The performance of pedestrian navigation systems depends heavily on the quality of VGI and the richness of UGC. Researchers commonly use public VGI and UGC to study location-based services [2], [3], and have evaluated their quality (see also Section 2.1). However, the relationship among geospatial data quality, users' mobility experience, and real-world pedestrian navigation systems remains underexplored.

To address this gap, using publicly available data sources and standard routing engines, we investigate (1) how the quality of geographic data affects the design and evaluation of rich mobility experiences, and (2) whether or not the current data is enough for in-the-wild experiments. While our experiments are conducted in a specified park (Hibiya Park) with a high-cost but accurate positioning device (RTK-GNSS), we expect the insights to generalize to other venues (e.g., heritage sites, amusement parks) and diverse user groups (e.g., wheelchair users).

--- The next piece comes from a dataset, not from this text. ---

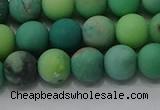 CAA1151 15.5 inches 6mm round matte grass agate beads wholesale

The rest of this paper is organized as follows. After summarizing related work in Section 2, we explain our navigation experiments in Section 3. In Section 4, we explain our findings. We then discuss insights observed from the experiments and highlight the necessity of developing fine-grained and well-organized open datasets to improve navigation experiences in Section 5. We conclude our experimental study in Section 6, which advocates for new research efforts to develop and refine mobility experiences via in-the-wild experiments.

2.　Related Work

Maintaining fine-grained, well-organized, accurate, and personalized, if possible, geographic data has attracted much attention. We review two main components of implementing navigation in-the-wild: geographic data and routing engines. Combining these components, researchers can build a customizable navigation environment for scientific research.

2.1　Geographic Data

Preparing geographic data is mandatory when implementing navigation systems. OpenStreetMap is one of the well-adopted resources [2], [4]. Contributors upload, update, validate, and manage the public data, and therefore, researchers have addressed the quality management [5].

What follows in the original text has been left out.